Graeme Phipps, Petro-Canada vice-president of exploration and international operations, says gas-saturated sands encountered by drilling were confirmed by logs and are now safely behind pipe. Based on data evaluation, the company will test the zones this winter to determine reserve potential and productivity.

Phipps says the drilling effort in the Delta will gain momentum in the next several years, with industry spending commitments of more than $650 million (Can.) on the books, which would equate to about 22 wells in the region.

There are also about 20 seismic programs scheduled in the region for this winter as companies scout drilling locations.

Exploration plans for the region got a major boost in an August 2000 rights sale with successful bids of more than $467 million for 9 of 10 parcels offered. The largest bid was $81.8 million for 180,744 acres bid by the Petro-Canada-Anderson Exploration partnership. Anderson also participated in several other individual bids and with Petro-Canada.

Other successful bidders included Shell Canada, Amoco Canada, Burlington Resources Canada Energy Ltd., Chev ron Canada, and Anadarko Canada. Companies have been conducting extensive seismic work on the acquired acreage.

The Department of Indian and Northern Affairs planned a new call for nominations Dec. 17, 2001, and has scheduled another tentative call for bids this month.

Petro-Canada and Devon are planning three tests in the Delta this winter in the 10,000-ft range.

The Kurk M15 is the first test in a multiwell drilling program Petro-Canada and its partner plan. Petro-Canada holds about 1 million gross acres in the region, and shot more than 270 sq miles of 3D seismic last winter to provide data for future drilling operations.

Phipps said other operators are busy with intensive 2D and 3D seismic programs in preparation for drilling. He said Petro-Canada plans three to four wells per year, and activity by other companies, once drilling locations are selected, could increase activity level up to 10 wells per year in the short, 3-month winter drilling season.

Companies are expected to increase exploration with the probability of a Mackenzie pipeline. Phipps said companies have only about 3 years to get ready for a pipeline, prove up additional gas, and nominate to influence the size of a pipeline.

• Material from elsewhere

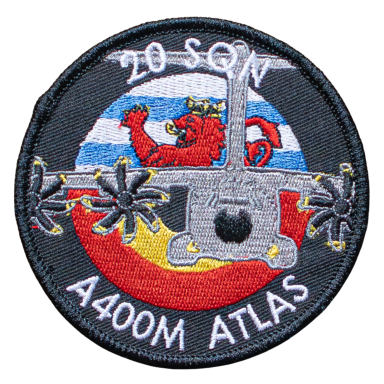 Abzeichen des 20. Geschwaders mit A400M Atlas und stilisiertem Löwen.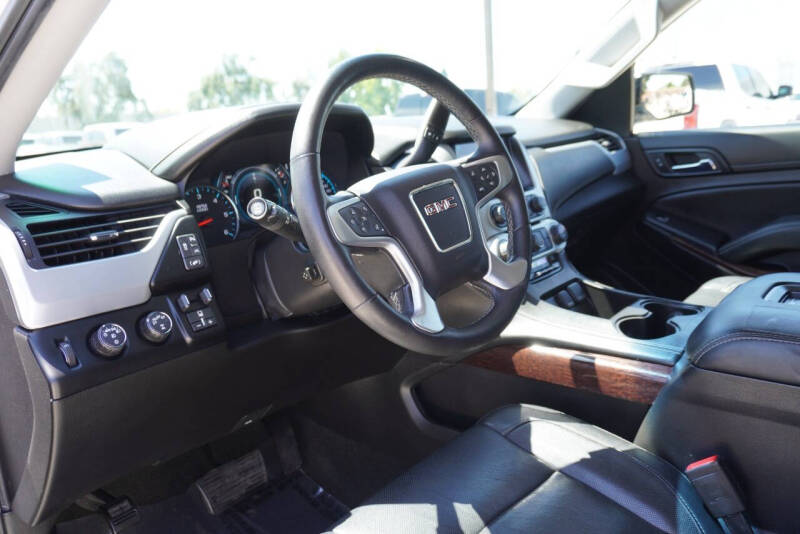 2017 GMC Yukon XL SLT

Phipps says he believes most of the major discoveries in the Mackenzie Delta-Beaufort Sea region have already been made, and his company is targeting prospects in the 1/2-1 tcf range.

The Petro-Canada executive says explorers face a number of operational challenges in the Arctic environment:

  • Seismic costs are three to five times higher than in Alberta, and drilling costs, five to six times higher.
  • A limited drilling season, the presence of permafrost and gas hydrates, quality of seismic shooting through ice, and overpressured formations.
  • The logistics of working 1,400 miles north of Alberta's northern provincial boundary and in temperatures -30° to -40° C.
  • Meeting the concerns of a large number of stakeholders, from governments to aboriginal and environmental groups.